1. For any [submultiplicative] matrix norm $\|\cdot\|$, we have $\|A\| \ge \max_i |\lambda_i|$. (See below.)
2. Since subordinate norms are submultiplicative matrix norms, this inequality holds in the setting of your question.
3. Moreover, by considering $x$ being the standard basis vectors, we see that we actually have the equality $\|A\| = \max_i |\lambda_i|$. Can you conclude from here?

Proof of Claim 1: Let $\|\cdot \|$ be a [submultiplicative] matrix norm.

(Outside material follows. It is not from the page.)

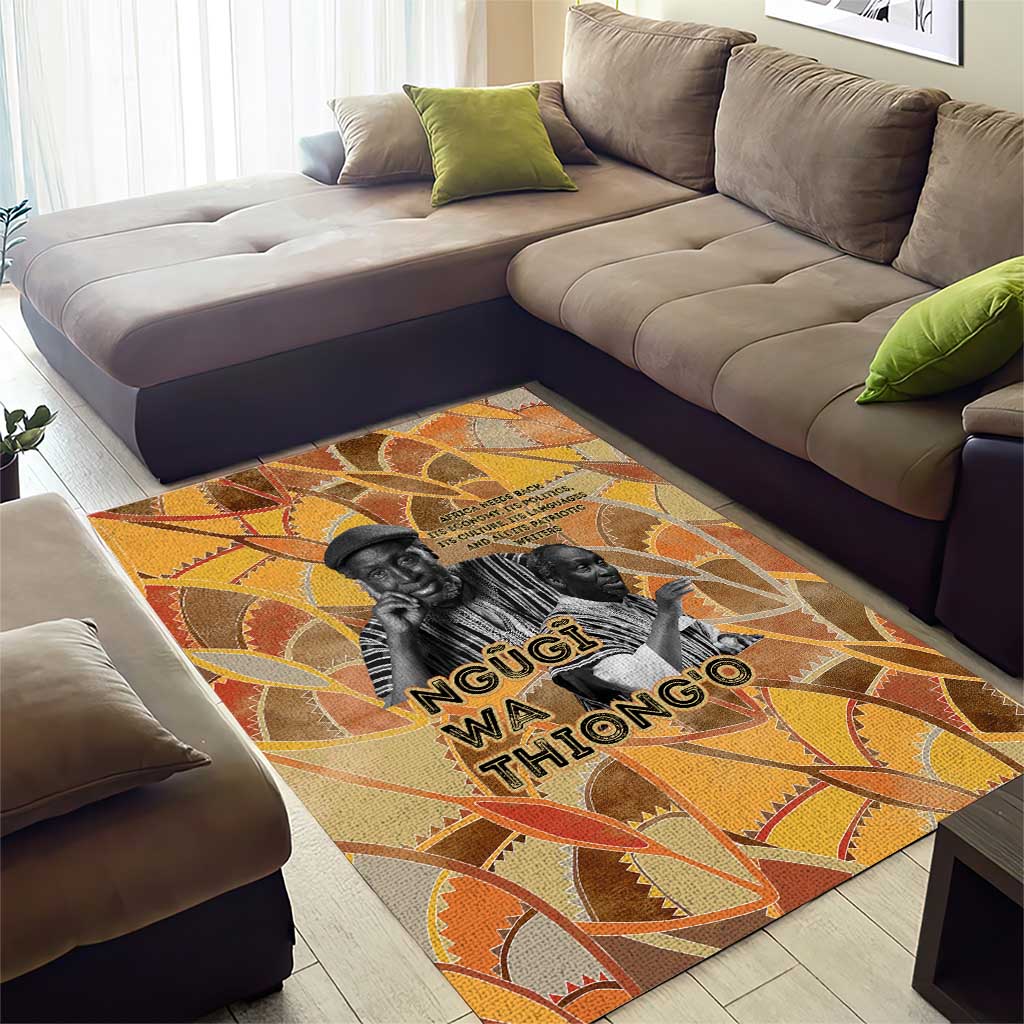 Ngugi wa Thiong O Area Rug African Literary Icon Portrait Cultural Revival - African Pride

Let $x$ be a $\lambda_i$-eigenvector, and let $X$ be the $n \times n$ matrix whose columns are all $x$. Then $$|\lambda_i| \|X\| = \|\lambda_i X\| = \|A X\| \le \|A\| \|X\|.$$

Answer 2

This is not true in general!

Consider the norm $\|x\|_M := \|Mx\|_\infty$ where M is some invertible matrix.

Then $\|A\|_M = \| M A M^{-1}\|_\infty$ so $\kappa(A)_M = \| M A M^{-1}\|_\infty\| M A^{-1} M^{-1}\|_\infty$.

Take

$ D = \begin{pmatrix}1&0\\0&2\end{pmatrix}. $

Then $\kappa(D)_\infty = 2$ but if

$ M = \begin{pmatrix}1&2\\3&4\end{pmatrix} $

$\kappa(D)_M = \|\begin{pmatrix}4&-1\\6&-1\end{pmatrix}\|_\infty\|\begin{pmatrix}-0.5&0.5\\-3&2\end{pmatrix}\|_\infty = 35$.

It is true for any p-norm however.